Pour
célébrer la participation de Des Livres Rances à un challenge interblogs initié
par les blogs Au
milieu des livres (lien direct vers le défi mensuel « Les classiques
c’est fantastique ») et Mes
pages versicolores, et portant ce mois-ci sur le sujet « Big brother
is watching you », deux chroniques au menu du jour.
Karel
ČAPEK est un écrivain tchèque (on disait alors tchécoslovaque) aujourd’hui un
peu oublié, mais qui pourtant fut reconnu dans la première partie du XXe
siècle. J’ai choisi de présenter deux de ses œuvres ensemble car elles me
paraissent complémentaires, pourraient même être vues comme une série. Deux
formats différents, théâtre et roman, pour un sujet commun : l’avidité, la
folie des hommes dans le développement de la science, mais traitée ici en
science fiction sauce anticipation. Et surtout deux immenses chefs d’œuvre de
la littérature, deux gifles monumentales.
« R.U.R. »
est une pièce de théâtre écrite en 1920 et originellement sous-titrée
« Comédie utopiste en trois actes et un prologue ». La présente
version en est la première traduction française, datant de 1924. Dans cette
traduction, la version choisie pour l’extension du sigle est « Rezon’s
Universal Robots » (il existe plusieurs traductions différentes). Le
contexte : « R.U.R. » se déroule dans le futur, alors qu’une
usine, dirigée par un certain Domin, vient de mettre sur le marché des
humanoïdes, c’est-à-dire des machines ressemblant traits pour traits aux hommes.

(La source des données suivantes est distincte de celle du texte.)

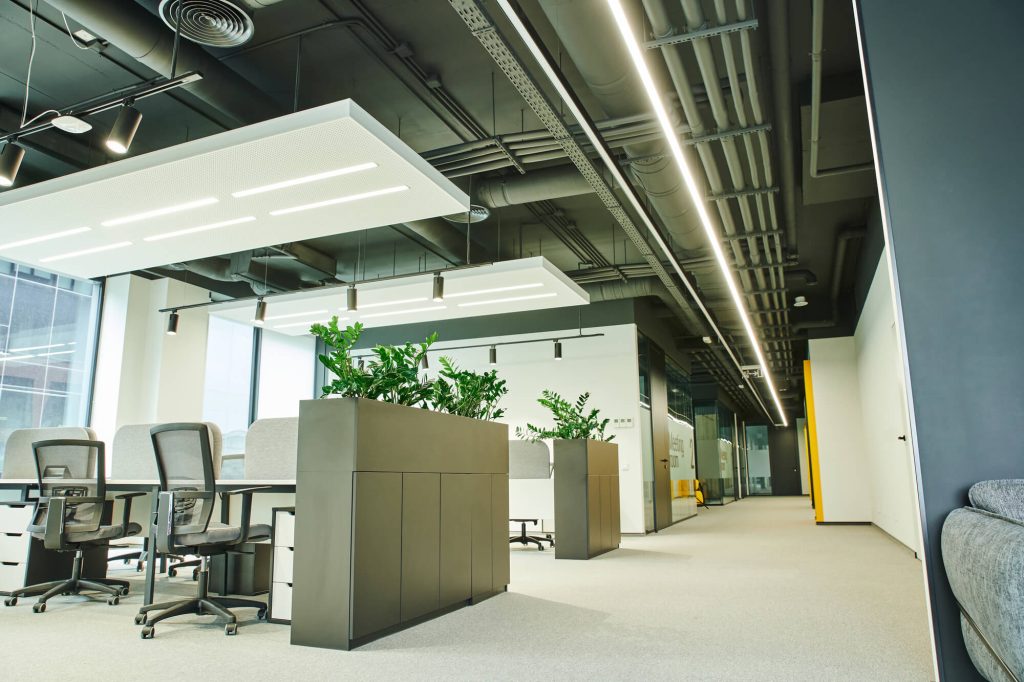A well-lit office space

Ce sont des Robots. On peut sourire de ce terme aujourd’hui, en ayant vu défiler
tant et tant. Pourtant, dans cette pièce, non seulement le nom prend une
majuscule, mais c’est la première fois qu’il est publié ! En d’autres
termes, le mot Robot est inventé dans cette pièce, même si l’idée de départ
vient de Josef, le frère de ČAPEK.
Des
humanoïdes donc. Fabriqués à des centaines de milliers d’exemplaires pour
servir l’Homme, faire les besognes à sa place, les travaux ingrats. Les patrons
se les arrachent car leur main d’oeuvre, et pour cause, est bon marché, de plus
l’utilisation de Robots pourrait dans un proche avenir rendre l’homme oisif et
jouisseur : « Avant dix ans,
les Rezon’s Universale Robots auront fait tant de froment, tant de tissus et de
tout, que nous dirons : les choses n’ont plus aucune valeur. Que chacun
prenne ce dont il a besoin. Il n’y a plus de misère. Oui, ils seront sans
travail. Mais il n’y aura plus de travail du tout, car les machines vivantes
feront tout. Les Robots nous vêtiront et nourriront. Les Robots feront des
briques et construiront des maisons pour nous. Les Robots écriront pour nous
des chiffres et balaieront nos escaliers. Le travail sera supprimé. L’homme ne
fera que ce qu’il aimera faire. Il sera débarrassé des soucis et de
l’humiliation du travail. Il ne vivra que pour se perfectionner ».
L’usine
R.U.R. est devenue une vraie curiosité. Ainsi, Hélène, la propre fille du
Président du pays va visiter la fabrique. Seuls des Robots y travaillent,
exceptés les décisionnaires, c’est-à-dire une poignée de dirigeants. Hélène est
membre de la Ligue pour l’Humanité et, à ce titre, souhaiterait que les Robots
soient traités comme des humains et non comme des machines. Pourtant les Robots
ne semblent avoir ni âme ni sensations.
Ellipse.
Dix années ont passé, les Robots ont été perfectionnés, ont même été armés. Ils
ont participé à tant de guerres, tué tant d’humains, répondant à des ordres,
soldats obéissants et efficaces. Ils ont envahi les lieux de travail. L’Homme
devenu inutile a fini par s’ennuyer, la natalité a drastiquement baissé,
rendant l’espèce humaine en danger. « On
ne daigne même plus allonger son bras pour prendre la nourriture, on la leur
met droit dans la bouche pour leur éviter de se lever. Ah ! Ah ! Les
Robots de Domin se chargent de tout ! Les femmes n’engendreront pas pour
les hommes qui sont devenus inutiles ».
Parallèlement,
les Robots se sont émancipés, « humanisés », réclamant leur part de
pouvoir, se montant en syndicats. Ils représentent un dixième de la population
mondiale.
Le
vent tourne. Les Robots se révoltent et leurs inventeurs, les dirigeants de
l’usine R.U.R. doivent mettre fin à la jacquerie, alors que désormais les
Robots existent depuis une trentaine d’années seulement. Le manuscrit de
fabrication des Robots existe en unique exemplaire, or lui seul peut permettre
de continuer à développer les humanoïdes…
Ne
nous y trompons pas : « R.U.R. » n’est pas un simple récit de
science fiction, il est surtout un pamphlet politique et social pacifiste.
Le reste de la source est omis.